A l'instar du récent Snowpiercer (dont l'action se situait également dans un train), le film de Yeon Sang-ho (en passe de devenir le plus gros succès de l'histoire de son pays), connu pour son travail dans l'animation, montre une fois encore la vitalité du cinéma coréen qui parvient à remettre en majesté des genres à bout de souffle. Exploitant parfaitement son décor, le cinéaste joue habilement avec les codes, saupoudrant par endroits son intrigue d'un humour bienvenu qui contient aussi un sous-texte social et politique pertinent dans lequel le réalisateur s'interroge sur l'identité réelle des monstres supposés. Sans recourir à une surenchère gore trop abondante, Yeon Sang-ho signe un excellent suspense qui ne relâche jamais la tension, parvenant à un équilibre assez miraculeux entre séquences spectaculaires et moments plus intimes, avec un final aux antipodes du produit hollywoodien standardisé.

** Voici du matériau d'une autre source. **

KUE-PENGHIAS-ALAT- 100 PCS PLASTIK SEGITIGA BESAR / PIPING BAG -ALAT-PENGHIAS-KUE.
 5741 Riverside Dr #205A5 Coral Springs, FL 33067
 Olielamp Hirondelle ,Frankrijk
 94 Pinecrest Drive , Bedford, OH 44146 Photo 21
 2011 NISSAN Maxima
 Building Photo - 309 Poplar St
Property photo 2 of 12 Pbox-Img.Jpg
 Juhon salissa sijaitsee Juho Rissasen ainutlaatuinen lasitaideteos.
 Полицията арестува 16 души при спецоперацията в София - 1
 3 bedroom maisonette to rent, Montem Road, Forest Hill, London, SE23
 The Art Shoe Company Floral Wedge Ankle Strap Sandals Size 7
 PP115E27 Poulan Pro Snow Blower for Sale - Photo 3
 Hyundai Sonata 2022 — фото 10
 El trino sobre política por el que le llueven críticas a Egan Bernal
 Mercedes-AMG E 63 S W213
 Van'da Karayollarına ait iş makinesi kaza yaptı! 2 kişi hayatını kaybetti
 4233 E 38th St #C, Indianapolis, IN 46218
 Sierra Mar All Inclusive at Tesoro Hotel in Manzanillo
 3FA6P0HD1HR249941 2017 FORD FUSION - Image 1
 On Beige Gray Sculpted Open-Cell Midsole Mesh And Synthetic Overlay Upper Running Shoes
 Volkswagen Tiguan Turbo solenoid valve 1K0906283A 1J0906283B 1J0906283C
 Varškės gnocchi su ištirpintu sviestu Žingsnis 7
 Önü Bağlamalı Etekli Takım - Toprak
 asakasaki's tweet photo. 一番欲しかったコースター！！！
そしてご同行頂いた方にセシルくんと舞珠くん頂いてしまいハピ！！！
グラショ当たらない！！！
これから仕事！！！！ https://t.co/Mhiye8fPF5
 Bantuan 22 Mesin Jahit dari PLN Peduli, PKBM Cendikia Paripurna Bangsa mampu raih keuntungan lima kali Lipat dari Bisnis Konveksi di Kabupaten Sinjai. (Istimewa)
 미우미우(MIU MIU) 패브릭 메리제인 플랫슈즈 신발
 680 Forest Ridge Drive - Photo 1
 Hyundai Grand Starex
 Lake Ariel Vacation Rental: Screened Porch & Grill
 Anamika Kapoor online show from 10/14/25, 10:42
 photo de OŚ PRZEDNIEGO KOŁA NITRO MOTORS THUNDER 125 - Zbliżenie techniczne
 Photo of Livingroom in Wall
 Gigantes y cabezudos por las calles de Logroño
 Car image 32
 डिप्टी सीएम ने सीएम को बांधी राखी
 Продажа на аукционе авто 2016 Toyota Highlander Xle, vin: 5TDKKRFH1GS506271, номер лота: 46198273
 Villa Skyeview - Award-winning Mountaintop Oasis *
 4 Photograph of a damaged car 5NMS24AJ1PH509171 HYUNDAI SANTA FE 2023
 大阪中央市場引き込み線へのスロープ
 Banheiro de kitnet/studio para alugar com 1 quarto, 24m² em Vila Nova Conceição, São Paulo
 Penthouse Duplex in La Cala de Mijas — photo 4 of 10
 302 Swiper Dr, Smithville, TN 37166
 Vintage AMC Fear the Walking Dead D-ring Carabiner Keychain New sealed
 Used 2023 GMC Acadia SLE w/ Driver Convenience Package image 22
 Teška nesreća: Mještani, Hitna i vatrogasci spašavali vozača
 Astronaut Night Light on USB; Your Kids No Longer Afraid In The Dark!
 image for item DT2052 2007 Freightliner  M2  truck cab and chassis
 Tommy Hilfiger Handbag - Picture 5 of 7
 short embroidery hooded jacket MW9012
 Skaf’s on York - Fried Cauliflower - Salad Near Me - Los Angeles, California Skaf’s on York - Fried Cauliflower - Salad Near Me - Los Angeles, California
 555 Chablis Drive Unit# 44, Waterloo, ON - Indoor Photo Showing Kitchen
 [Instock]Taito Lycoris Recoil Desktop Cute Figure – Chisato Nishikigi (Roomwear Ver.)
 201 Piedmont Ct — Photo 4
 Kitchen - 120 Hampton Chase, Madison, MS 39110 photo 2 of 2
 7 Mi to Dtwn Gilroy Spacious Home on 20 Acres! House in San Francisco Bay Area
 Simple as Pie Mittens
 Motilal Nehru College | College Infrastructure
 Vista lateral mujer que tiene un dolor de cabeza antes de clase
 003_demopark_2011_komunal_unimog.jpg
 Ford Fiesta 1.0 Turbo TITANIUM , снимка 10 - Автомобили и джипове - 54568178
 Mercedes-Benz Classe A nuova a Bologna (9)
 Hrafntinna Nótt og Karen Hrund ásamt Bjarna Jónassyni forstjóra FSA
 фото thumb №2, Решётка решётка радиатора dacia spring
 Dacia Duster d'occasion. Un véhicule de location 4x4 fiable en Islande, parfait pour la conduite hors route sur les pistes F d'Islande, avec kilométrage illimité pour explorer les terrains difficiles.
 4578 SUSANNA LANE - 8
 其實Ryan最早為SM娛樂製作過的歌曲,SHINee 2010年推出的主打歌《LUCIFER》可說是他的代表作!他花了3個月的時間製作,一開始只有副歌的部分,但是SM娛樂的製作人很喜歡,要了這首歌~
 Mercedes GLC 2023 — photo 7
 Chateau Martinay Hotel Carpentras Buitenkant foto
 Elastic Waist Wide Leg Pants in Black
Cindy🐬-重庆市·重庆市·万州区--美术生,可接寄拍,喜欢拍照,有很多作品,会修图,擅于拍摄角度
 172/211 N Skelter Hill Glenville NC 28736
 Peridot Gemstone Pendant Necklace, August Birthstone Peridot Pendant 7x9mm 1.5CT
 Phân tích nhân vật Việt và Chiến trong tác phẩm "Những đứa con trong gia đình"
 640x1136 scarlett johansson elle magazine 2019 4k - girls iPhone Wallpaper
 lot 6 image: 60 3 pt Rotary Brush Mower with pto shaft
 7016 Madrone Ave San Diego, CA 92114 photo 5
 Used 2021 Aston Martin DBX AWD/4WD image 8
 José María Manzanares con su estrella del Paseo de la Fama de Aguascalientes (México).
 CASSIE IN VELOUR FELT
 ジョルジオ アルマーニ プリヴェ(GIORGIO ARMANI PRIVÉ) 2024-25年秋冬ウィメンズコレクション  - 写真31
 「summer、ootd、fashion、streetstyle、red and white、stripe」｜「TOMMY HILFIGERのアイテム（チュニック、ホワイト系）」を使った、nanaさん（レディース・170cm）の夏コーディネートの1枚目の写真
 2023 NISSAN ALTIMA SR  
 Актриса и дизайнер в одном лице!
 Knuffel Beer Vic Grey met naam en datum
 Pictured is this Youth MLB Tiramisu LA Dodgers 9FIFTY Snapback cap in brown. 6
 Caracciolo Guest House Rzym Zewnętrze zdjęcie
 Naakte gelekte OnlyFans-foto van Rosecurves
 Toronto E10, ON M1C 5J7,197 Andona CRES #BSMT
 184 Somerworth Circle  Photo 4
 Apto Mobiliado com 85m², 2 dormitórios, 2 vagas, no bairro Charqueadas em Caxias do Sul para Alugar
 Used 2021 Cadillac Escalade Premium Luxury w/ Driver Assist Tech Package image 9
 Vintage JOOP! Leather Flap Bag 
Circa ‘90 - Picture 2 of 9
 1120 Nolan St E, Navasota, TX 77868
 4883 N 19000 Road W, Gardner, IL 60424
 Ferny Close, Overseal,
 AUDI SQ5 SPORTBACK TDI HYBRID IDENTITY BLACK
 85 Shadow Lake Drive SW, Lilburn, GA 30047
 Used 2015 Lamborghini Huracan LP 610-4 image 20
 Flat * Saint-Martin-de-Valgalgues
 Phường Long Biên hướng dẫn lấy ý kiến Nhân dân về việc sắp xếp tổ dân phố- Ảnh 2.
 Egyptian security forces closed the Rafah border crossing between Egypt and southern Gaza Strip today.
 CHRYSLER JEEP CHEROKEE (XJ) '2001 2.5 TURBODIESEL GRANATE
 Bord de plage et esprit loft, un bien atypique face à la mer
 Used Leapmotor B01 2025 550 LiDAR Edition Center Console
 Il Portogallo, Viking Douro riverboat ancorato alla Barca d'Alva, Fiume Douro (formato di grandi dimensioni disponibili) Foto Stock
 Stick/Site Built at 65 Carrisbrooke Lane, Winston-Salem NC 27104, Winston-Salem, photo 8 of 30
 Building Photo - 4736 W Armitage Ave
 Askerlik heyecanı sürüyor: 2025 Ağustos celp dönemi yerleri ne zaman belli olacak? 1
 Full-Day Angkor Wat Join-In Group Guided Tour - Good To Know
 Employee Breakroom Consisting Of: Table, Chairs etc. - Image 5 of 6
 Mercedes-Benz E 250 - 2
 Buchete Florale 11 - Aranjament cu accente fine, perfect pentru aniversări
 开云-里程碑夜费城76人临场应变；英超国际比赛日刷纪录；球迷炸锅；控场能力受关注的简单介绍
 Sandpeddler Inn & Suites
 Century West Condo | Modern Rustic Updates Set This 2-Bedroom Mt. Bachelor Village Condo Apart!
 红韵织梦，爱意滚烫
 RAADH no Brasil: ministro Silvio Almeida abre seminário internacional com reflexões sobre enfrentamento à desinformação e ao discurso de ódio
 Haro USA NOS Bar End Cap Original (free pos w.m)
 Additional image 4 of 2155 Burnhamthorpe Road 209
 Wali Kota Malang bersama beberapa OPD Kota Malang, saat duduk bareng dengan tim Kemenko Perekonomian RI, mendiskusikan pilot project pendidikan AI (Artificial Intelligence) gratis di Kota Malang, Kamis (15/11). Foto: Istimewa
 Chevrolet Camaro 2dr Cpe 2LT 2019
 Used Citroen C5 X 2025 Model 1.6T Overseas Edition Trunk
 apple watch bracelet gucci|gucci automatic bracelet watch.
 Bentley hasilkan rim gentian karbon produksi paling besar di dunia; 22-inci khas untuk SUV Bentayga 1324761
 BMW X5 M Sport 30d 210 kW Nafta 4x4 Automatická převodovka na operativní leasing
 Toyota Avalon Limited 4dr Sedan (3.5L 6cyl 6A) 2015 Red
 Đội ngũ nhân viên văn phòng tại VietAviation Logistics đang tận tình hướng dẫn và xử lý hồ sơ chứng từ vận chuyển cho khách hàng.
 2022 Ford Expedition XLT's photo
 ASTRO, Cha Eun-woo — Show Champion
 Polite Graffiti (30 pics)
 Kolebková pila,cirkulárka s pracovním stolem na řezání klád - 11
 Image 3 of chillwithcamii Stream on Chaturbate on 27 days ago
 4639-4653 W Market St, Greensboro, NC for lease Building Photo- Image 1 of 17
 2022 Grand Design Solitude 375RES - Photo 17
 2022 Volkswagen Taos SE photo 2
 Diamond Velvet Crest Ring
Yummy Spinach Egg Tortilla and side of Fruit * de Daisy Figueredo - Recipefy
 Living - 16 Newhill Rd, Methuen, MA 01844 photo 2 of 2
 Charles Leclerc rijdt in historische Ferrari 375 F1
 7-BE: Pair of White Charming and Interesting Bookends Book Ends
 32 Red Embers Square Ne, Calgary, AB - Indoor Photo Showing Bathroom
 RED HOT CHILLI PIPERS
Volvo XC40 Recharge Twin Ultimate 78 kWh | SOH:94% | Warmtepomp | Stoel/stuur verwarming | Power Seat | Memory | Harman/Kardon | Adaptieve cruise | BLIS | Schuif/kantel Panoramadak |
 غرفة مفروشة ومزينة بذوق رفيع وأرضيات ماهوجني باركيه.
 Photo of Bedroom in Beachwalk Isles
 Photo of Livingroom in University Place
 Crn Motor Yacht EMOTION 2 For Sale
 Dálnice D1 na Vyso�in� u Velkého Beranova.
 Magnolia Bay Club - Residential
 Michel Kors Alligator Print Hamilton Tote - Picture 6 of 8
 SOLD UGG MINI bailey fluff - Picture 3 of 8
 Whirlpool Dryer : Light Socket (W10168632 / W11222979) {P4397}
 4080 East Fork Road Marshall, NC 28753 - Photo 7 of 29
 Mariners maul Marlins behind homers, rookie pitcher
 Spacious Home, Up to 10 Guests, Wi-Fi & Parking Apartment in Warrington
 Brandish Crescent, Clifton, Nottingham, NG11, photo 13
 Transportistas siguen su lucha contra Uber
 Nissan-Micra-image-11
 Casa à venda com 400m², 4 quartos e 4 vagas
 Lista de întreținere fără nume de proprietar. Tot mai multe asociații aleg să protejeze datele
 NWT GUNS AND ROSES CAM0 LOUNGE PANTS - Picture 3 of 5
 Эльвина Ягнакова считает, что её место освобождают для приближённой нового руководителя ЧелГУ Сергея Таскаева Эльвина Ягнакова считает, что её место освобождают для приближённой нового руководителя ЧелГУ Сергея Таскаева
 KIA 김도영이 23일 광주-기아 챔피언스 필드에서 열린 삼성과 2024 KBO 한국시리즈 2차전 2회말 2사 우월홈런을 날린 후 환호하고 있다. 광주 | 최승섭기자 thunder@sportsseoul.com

Pour les amateurs... et tous les autres ! 

Corée du Sud - 1h58
Réalisation : Yeon Sang-ho - Scénario : Park Joo-suk
Avec : Gong Yoo (Seok-woo), Kim Su-an (Su-an), Jung Yu-mi (Sang-hwa), Ma Dong-seok (Sang-hwa). 



SIERANEVADA - Sortie le 3 août


2h52 de conversations en famille n'est pas le meilleur des arguments pour donner envie de voir Sieranevada (présenté en compétition à Cannes) à un public de moins en moins enclin à s'aventurer hors de sa zone de confort. Mais c'est le prix à payer si l'on veut apprécier le nouveau film du roumain Cristi Puiu, révélé il y a une dizaine d'années grâce à La Mort de Dante Lazarescu. Nous sommes dans un appartement de Bucarest, au cœur d'une famille venue à l'occasion de la commémoration d'un défunt. Mais le déroulement de la journée ne va pas se passer comme prévu, perturbé par des disputes et des invectives, mettant à mal la cohésion familiale et le repas sans cesse différé.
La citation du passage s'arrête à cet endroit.